MEMAHAMI AKUNTANSI PERSEDIAAN DARI PERSPEKTIF FILSAFAT

Dalam menghadapi ketidakpastian dan effisiensi orang menyimpan barang melebihi kebutuhannya. Ayah menyimpan hasil panennya melebihi dari yang diperlukan. Adik  membeli kertas melebihi yang digunakan. Ibu membeli bumbu-bumbu dapur melebihi yang diperlukan agar dapat digunakan di hari berikutnya. Paman membeli kayu jati melebihi dari kebutuhan harian toko mebelnya. Bibi  membeli barang dagangan melebihi penjualan hariannya agar dapat dijual dihari berikutnya. Nenek membuat minyak goreng melebihi dari apa yang diperlukan agar dapat digunakan dihari selanjutnya.

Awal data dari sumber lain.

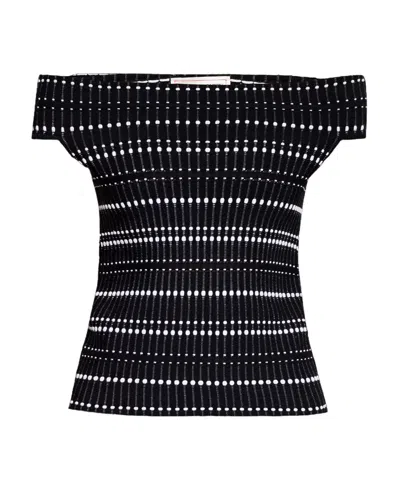 Alexander Mcqueen Open-knit Off-shoulder Top In Black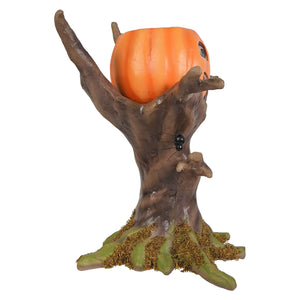 Orange pumpkin candy bowl in a mossy brown tree branch with black spider figural decor by bethany lowe designs happy haunting tree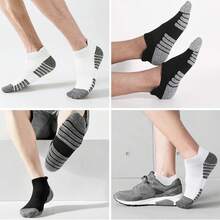 VIDA4U 7 Pares Calcetines de Hombre, Calcetas de Algodón Transpirables y Antiderrapantes, Tines Deportivas, Gym, Running, Tenis, Escalada, Fútbol y Baloncesto - Negro+Blanco - Ver 2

Dokter praktek membeli perlengkapan medis habis pakai melebihi kebutuhan praktek hariannya. Petani membeli pupuk melebihi kebutuhan tanam agar dapat digunakan dimasa tanam berikutnya. Nelayan membeli jaring ikan melebihi kegunaanya agar dapat digunakan untuk memperbaiki jaring yang rusak. Sopir taksi membeli bensin melebihi kebutuhan hariannya agar dapat digunakan untuk operasional di hari berikutnya. Tukang bubur membeli beras melebihi kebutuhan dagang harianya agar dapat digunakan dihari selanjutnya. Tukang ukir kayu membeli kayu melebihi kebutuhan hariannya agar dapat digunakan untuk menghasilkan ukiran kayu dihari berikutnya. Dan pelukis membeli perlengkapan lukis melebihi dari dari apa yang diperlukan agar dapat digunakan saat melukis hari selanjutnya.

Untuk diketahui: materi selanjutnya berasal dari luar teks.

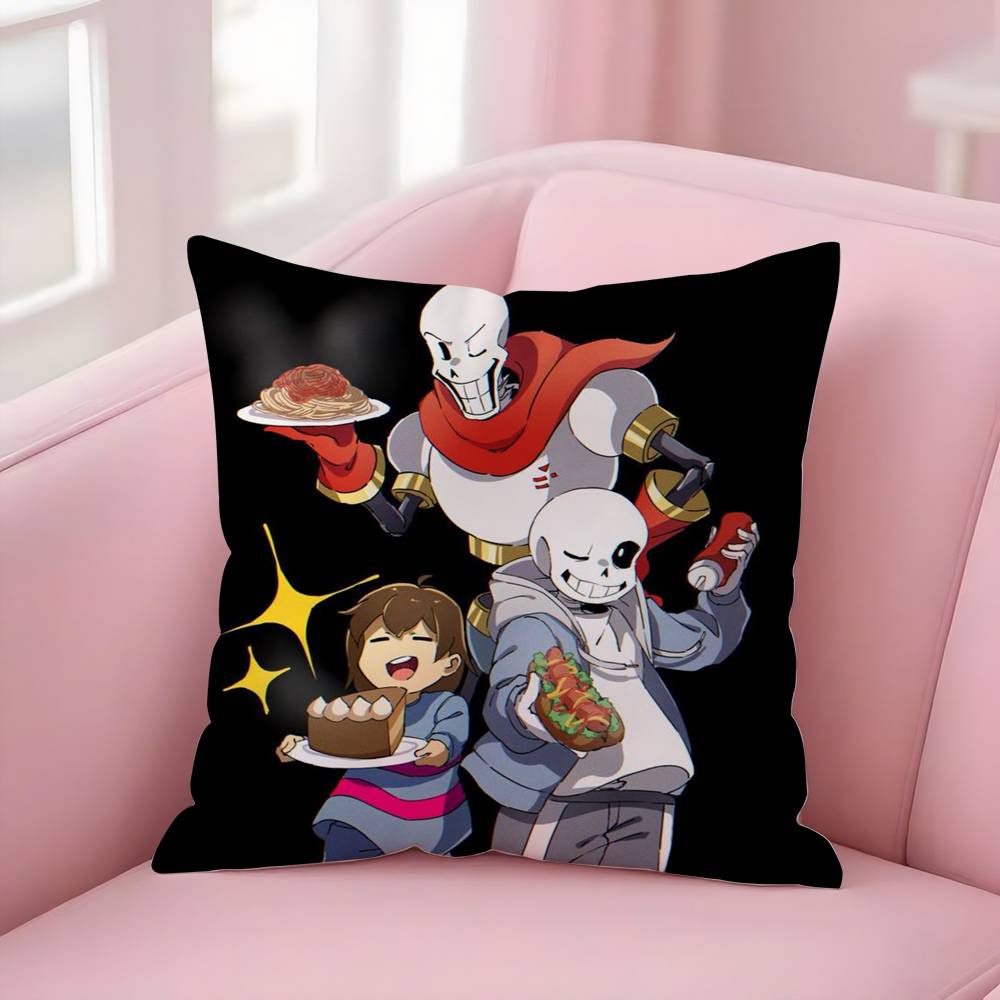 Game U-Undertale Pillow Case Sofa Short Plush Double-sided HD Printing Room Home Office Gift Cushion Cover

Begitu juga dalam perusahaan pabrikasi, perusahaan membeli bahan baku melebihi permintaan agar dapat digunakan dalam proses produksi  selanjutnya, dan memproduksi barang setengah jadi melebihi kebutuhan agar dapat digunakan dalam proses produksi berikutnya, serta memproduksi  barang jadi melebihi kebutuhan penjualan harian agar dapat memenuhi permintaan penjualan  hari selanjutnya.

 Dikantor, perusahaan membeli  alat tulis, kertas, tinta printer dan lainnya melebihi kebutuhan harianya agar effisien dan dapat digunakan untuk menunjang  operasional kantor berikutnya.

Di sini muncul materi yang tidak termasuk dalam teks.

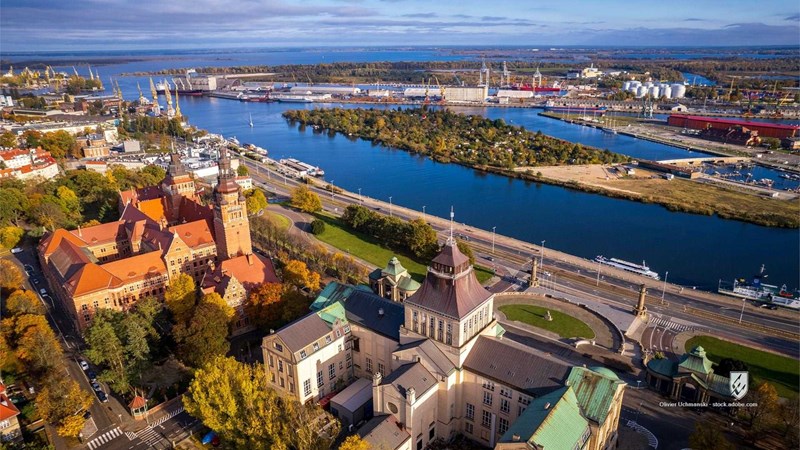 szczecin baltic sea panorama cityscape landscape odra river aerial view architecture bridge buildings cathedral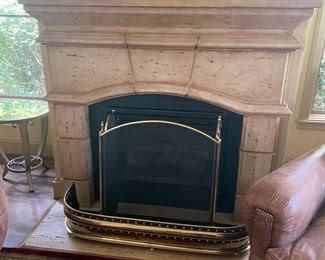 Fireplace mantle and surround
Brass bumper 
Brass screen 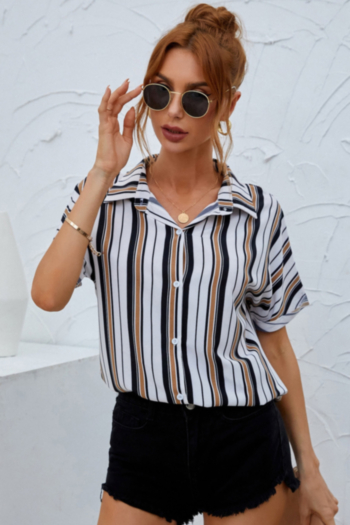 New plus size vertical stripes printing inelastic stylish short-sleeve blouse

Kelebihan barang agar dapat digunakan dihari berikutnya, atau kelebihan barang agar dapat digunakan untuk kebutuhan proses produksi selanjutnya, atau kelebihan barang agar dapat dijual dihari selanjutnya menurut Kieso, Weygandt, dan Warfield dinamakan persediaan (inventory). Kieso, Weygandt, and Warfield (2011: 408) mendefinisikan persediaan  adalah “inventories are asset items that a company holds for sale in the ordinary course of business, or goods that it will use or consume in the production of goods to be sold”.

Dunia  (2005: 137), mendifinisikan persediaan sebagai aktiva berwujud yang diperoleh perusahaan untuk dijual kembali dalam kegiatan normal perusahaan dan yang diperoleh untuk diproses lebih dulu dan dijual.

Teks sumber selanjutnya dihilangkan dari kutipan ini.